Bigand's study had limitations in sample size and diversity, as it involved only six signers from a specific demographic profile using FSL. This study uses data from 11 signers, each contributing 50 video samples, sourced from a comprehensive JSL dataset provided by SoftBank Corp. This sample was intentionally selected to ensure demographic diversity, covering three distinct age groups—youth, middle-aged, and elderly—while maintaining gender balance. This selection aims to examine the kinematic features across a broad spectrum of JSL users, thereby enhancing the study's inclusivity and generalizability.
3.1 2D Key Point Extraction
For 2D key point extraction, this study uses the YOLOv8(You Only Look Once) object detection system for the extraction of 11 key points (Figure 1) from the video data ((1) nose, (2) left eye, (3) right eye, (4) left ear, (5) right ear, (6) left shoulder, (7) right shoulder, (8) left elbow, (9) right elbow, (10) left wrist, (11) right wrist). In sign language, finger movements are critical for conveying information. The selected key points play essential roles in sign language gestures and expressions, providing a comprehensive framework for analyzing signer movements.

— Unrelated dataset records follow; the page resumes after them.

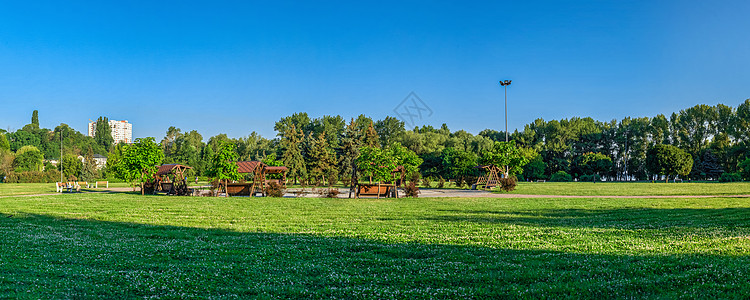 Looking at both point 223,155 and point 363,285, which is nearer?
point 363,285

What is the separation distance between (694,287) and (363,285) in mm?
4288

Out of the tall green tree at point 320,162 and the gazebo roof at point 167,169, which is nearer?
the gazebo roof at point 167,169

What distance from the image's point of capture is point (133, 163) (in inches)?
1088

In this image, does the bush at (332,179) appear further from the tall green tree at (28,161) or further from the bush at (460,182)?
the tall green tree at (28,161)

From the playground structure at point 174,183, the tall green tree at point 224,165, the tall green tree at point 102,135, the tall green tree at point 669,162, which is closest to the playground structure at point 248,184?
the tall green tree at point 224,165

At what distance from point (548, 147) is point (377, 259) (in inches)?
3333

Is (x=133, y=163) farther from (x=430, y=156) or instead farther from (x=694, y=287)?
(x=430, y=156)

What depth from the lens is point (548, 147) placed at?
84438mm

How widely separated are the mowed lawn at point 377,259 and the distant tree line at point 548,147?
41.0 meters

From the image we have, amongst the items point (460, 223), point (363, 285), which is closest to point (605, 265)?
point (363, 285)

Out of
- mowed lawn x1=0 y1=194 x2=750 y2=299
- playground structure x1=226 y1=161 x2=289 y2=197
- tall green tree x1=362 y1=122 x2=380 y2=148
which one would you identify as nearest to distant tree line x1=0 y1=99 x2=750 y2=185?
tall green tree x1=362 y1=122 x2=380 y2=148

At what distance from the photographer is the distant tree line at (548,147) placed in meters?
57.1

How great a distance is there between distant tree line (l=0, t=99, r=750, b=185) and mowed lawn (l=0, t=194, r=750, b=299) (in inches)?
1613

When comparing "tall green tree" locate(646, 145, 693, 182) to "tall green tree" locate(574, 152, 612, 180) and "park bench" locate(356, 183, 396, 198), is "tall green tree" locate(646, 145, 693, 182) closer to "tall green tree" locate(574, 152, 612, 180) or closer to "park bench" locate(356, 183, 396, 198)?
"tall green tree" locate(574, 152, 612, 180) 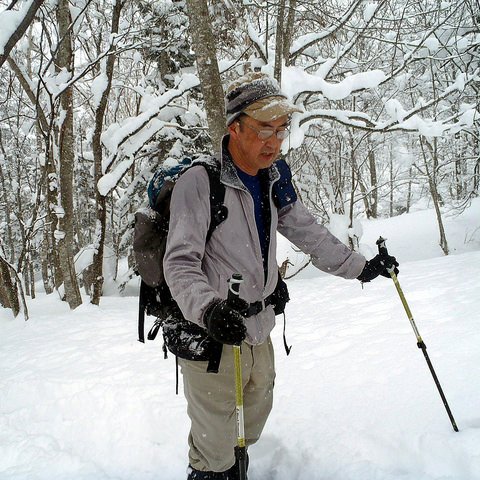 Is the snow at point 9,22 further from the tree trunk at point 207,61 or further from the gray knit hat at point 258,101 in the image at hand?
the tree trunk at point 207,61

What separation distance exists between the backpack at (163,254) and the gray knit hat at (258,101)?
297mm

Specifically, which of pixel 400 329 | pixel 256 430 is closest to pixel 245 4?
pixel 400 329

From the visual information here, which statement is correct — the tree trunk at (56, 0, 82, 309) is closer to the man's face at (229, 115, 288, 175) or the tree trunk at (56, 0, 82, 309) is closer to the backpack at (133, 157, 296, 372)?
the backpack at (133, 157, 296, 372)

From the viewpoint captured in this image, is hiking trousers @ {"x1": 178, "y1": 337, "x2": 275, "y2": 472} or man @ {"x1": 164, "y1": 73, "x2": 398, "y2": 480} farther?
hiking trousers @ {"x1": 178, "y1": 337, "x2": 275, "y2": 472}

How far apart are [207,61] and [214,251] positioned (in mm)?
3416

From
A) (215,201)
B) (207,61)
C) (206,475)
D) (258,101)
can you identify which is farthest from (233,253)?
(207,61)

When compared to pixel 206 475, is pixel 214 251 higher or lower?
higher

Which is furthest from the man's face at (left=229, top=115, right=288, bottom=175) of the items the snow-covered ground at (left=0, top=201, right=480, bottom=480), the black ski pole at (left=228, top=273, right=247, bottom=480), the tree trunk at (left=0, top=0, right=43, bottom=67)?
the snow-covered ground at (left=0, top=201, right=480, bottom=480)

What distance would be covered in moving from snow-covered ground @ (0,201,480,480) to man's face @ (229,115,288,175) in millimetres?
2008

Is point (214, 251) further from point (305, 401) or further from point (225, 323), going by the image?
point (305, 401)

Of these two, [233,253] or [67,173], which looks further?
[67,173]

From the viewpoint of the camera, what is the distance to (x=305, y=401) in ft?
11.4

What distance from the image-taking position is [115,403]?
3.79m

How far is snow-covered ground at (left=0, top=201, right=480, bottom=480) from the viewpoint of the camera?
2.76 meters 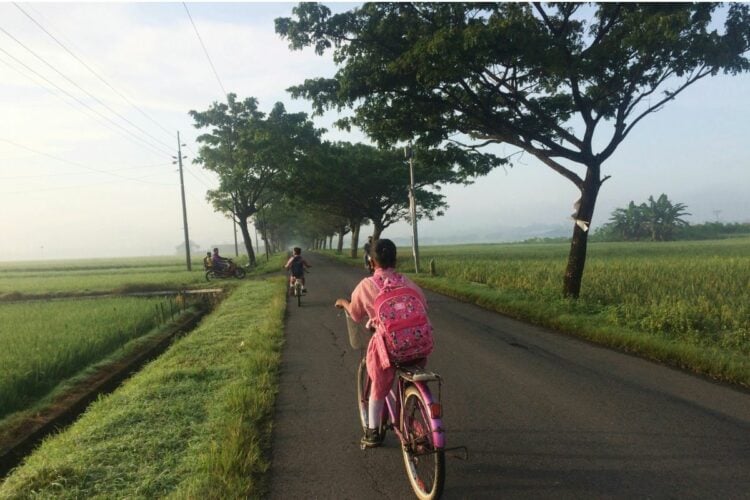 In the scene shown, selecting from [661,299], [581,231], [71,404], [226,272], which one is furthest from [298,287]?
[226,272]

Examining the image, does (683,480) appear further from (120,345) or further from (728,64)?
→ (120,345)

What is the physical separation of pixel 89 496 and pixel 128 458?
61 cm

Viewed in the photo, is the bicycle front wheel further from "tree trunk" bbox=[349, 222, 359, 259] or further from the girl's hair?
"tree trunk" bbox=[349, 222, 359, 259]

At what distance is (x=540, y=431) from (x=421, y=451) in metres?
1.78

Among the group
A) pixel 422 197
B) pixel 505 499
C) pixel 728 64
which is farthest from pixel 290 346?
pixel 422 197

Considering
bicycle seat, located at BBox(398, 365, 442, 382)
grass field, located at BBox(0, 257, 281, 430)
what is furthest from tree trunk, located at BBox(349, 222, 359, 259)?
bicycle seat, located at BBox(398, 365, 442, 382)

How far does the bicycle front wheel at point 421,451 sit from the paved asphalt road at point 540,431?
8.1 inches

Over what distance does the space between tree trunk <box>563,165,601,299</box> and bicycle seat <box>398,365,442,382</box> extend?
9294 mm

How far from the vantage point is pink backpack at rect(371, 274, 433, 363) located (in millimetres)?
3166

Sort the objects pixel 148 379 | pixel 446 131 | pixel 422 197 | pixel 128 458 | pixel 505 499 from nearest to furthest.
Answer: pixel 505 499 < pixel 128 458 < pixel 148 379 < pixel 446 131 < pixel 422 197

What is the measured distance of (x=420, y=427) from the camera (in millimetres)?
3162

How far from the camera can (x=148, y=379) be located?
6.52m

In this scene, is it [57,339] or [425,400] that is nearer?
[425,400]

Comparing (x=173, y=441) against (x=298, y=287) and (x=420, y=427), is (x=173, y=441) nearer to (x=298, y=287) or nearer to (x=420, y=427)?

YOLO's real-time detection capabilities enable precise extraction, forming the basis for calculating essential kinematic features.
By employing a more universally accessible two-dimensional dataset, this approach aims to democratize motion capture technology, enhancing its applicability across a variety of contexts and making sign language identification technology more universally accessible. This endeavor not only emphasizes learning and adaptation from previous research but also explores new possibilities in data dimensionality and analysis techniques.
3.2 3D Key Point Extraction
For 3D key point extraction, this study uses MediaPipe's Holistic model, which provides comprehensive landmark detection for the entire body, including pose, face, and hands. Specifically, the Holistic model detects key regions as follows:
(1) Pose: 33 key points covering the major joints and skeletal structure of the body.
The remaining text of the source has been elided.